A Torino, invece – dove i costi erano assai più contenuti, dove si era perfino assoldato un architetto amico del Beppe per mettere a punto i “primi giochi a impatto zero”, dove si sarebbero potute riutilizzare molte delle strutture dell’edizione del 2006 – a Torino invece pure. Niente Olimpiadi invernali nel 2026. Il che dimostra come in effetti i motivi contabili, la presunta responsabilità di chi nei comuni si erge a parsimonioso difensore dei conti (salvo poi, incoerenza somma, vagheggiare manovre economiche dissennate quando è al governo centrale), c’entra assai poco, col feticismo grillino del No. E anzi, la vicenda sabauda illumina retrospettivamente, ora, lo sdegnoso rifiuto di Virginia Raggi di due anni fa: il punto è evidentemente l’eredità gravosa di una ideologia, quella fondativa del M5s, che eleva l’oltranzismo antisviluppista a valore imprescindibile, che vede in ogni grande evento una minaccia da respingere, in ogni appalto una truffa da scongiurare.
E però è con un vago, sottaciuto compiacimento che ora i grillini capitolini guardano alla figuraccia della Appendino. Come a dire che in fondo anche la bocconiana, “quella brava”, è caduta sulla stessa pietra d’inciampo. Vero, la Raggi non volle neppure prenderla in considerazione l’ipotesi olimpica. “Semplicemente, rinunciò a fare il sindaco”, dice ora Paolo Berdini, l’ex assessore all’Urbanistica che ricorda dei colloqui concitati dell’epoca: “Le proposi la bozza di un progetto per fare dei Giochi un’occasione di manutenzione diffusa: vari impianti distribuiti sul territorio, ristrutturazione delle vecchie strutture e delle strade, tante piccole opere”. Si disse un “no aprioristico”, spiega Berdini. “Era evidente che non fosse lei a guidare la macchina”. E così si rifiutarono cinque miliardi di finanziamento, più del triplo di ciò che è bastato a Milano per rinnovarsi con l’Expo. “Non erano maturi, allora, i Cinque stelle”, ammette Berdini.

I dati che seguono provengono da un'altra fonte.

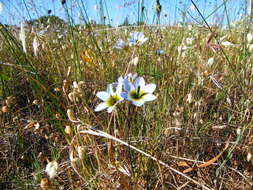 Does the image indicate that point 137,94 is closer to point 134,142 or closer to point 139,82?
point 139,82

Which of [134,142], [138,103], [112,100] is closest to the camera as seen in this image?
[138,103]

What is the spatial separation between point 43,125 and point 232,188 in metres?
0.76

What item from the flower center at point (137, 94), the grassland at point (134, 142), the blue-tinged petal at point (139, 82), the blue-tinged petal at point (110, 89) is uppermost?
the blue-tinged petal at point (139, 82)

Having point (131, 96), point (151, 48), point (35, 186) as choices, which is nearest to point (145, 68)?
point (151, 48)

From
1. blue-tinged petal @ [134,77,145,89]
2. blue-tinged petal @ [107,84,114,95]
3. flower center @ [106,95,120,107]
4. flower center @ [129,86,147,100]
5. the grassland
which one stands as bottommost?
the grassland

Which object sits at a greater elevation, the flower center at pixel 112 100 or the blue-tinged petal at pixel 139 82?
the blue-tinged petal at pixel 139 82

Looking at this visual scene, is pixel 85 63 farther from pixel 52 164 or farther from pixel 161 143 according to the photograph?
pixel 52 164

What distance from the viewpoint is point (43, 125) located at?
3.68ft

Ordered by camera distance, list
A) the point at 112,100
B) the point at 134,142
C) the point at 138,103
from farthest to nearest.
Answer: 1. the point at 134,142
2. the point at 112,100
3. the point at 138,103

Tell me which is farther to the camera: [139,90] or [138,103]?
[139,90]

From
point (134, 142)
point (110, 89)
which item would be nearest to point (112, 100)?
point (110, 89)

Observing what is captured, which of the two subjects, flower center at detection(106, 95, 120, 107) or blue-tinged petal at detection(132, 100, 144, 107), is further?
flower center at detection(106, 95, 120, 107)

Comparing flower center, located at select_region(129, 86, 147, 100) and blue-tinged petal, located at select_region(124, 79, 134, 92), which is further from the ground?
blue-tinged petal, located at select_region(124, 79, 134, 92)

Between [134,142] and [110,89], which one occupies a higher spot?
[110,89]
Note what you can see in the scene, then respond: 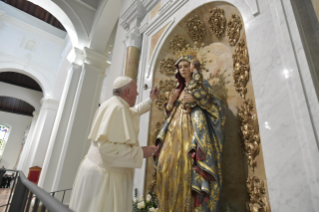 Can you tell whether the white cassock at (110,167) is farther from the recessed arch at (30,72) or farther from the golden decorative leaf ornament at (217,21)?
the recessed arch at (30,72)

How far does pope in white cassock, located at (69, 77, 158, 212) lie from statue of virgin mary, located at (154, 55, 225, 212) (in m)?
0.45

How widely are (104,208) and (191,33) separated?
8.75 feet

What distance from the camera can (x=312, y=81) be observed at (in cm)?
129

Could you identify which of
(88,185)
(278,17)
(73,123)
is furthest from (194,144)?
(73,123)

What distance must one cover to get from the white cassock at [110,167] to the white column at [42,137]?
898 centimetres

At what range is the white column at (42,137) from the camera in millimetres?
8953

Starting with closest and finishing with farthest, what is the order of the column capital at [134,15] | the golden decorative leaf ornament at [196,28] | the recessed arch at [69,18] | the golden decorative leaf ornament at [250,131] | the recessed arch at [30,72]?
the golden decorative leaf ornament at [250,131], the golden decorative leaf ornament at [196,28], the column capital at [134,15], the recessed arch at [69,18], the recessed arch at [30,72]

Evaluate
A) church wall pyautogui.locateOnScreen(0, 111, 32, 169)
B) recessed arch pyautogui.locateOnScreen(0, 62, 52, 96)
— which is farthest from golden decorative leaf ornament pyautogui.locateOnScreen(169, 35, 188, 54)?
church wall pyautogui.locateOnScreen(0, 111, 32, 169)

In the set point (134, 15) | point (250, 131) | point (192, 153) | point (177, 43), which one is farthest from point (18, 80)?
point (250, 131)

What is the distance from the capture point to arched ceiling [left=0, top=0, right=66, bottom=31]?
30.6 feet

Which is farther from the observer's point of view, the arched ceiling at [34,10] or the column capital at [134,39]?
the arched ceiling at [34,10]

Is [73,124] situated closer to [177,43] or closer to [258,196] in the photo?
[177,43]

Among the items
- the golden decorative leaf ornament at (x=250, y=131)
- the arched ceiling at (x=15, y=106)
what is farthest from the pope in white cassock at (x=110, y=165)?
the arched ceiling at (x=15, y=106)

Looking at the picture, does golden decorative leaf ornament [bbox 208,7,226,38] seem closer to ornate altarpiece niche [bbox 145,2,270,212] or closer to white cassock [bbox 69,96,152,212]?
ornate altarpiece niche [bbox 145,2,270,212]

Ma forse non era solo questione d’impreparazione. “C’è che quando ipotizzi dei cambi di direzione troppo bruschi, rischi di perdere identità, e dunque compattezza”, dice oggi chi nella giunta capitolina c’è rimasto. E quindi “meglio fermarsi prima ancora di cominciare: in fondo, su questo Virginia fu lungimirante”. Come a dire, insomma, che per certi versi l’errore grave è stato quello della Appendino: avere creduto che il M5s fosse pronto a sopportare il peso della svolta. Paradossalmente il gruppo consiliare della Raggi uscì rafforzato da quella vicenda: confortato dalla coerenza di una sindaca che non cedeva al richiamo delle sirene del Coni. A Torino, che pure è grande quanto un paio di municipi romani, i consiglieri della Sala Rossa sono stati trascinati in una discussione logorante, e infatti ora sospirano di rilassatezza: “Se non altro, abbiamo chiuso questa partita”.
E certo la Raggi non gioisce, di fronte alla disfatta dell’amica Chiara. Ma pure, forse, dall’insuccesso della collega spesso additata come la controfigura da imitare, trae un che d’involontaria soddisfazione. Quasi invidiosa di ciò che alla Appendino era stato concesso di chiedere – un’Olimpiade “green e low cost” – e a lei no, la scorsa settimana aveva dichiarato: “Se il Cio deciderà di cambiare modello, molte città tra cui Roma potranno decidere di ospitare un evento così importante”. Serve però un cambio di prospettiva: “Sempre più città rinunciano e altre si consorziano per riuscire a sostenere l’impegno olimpico. E’ evidente che il modello che c’era prima non può più reggere dal punto di vista economico e di quello dell’impatto sulle città”. Discorso che sembrerebbe quasi credibile, se non fosse che a quel “nuovo modello”, a quell’idea di “città consorziate”, il suo partito, a Torino, ha appena detto No.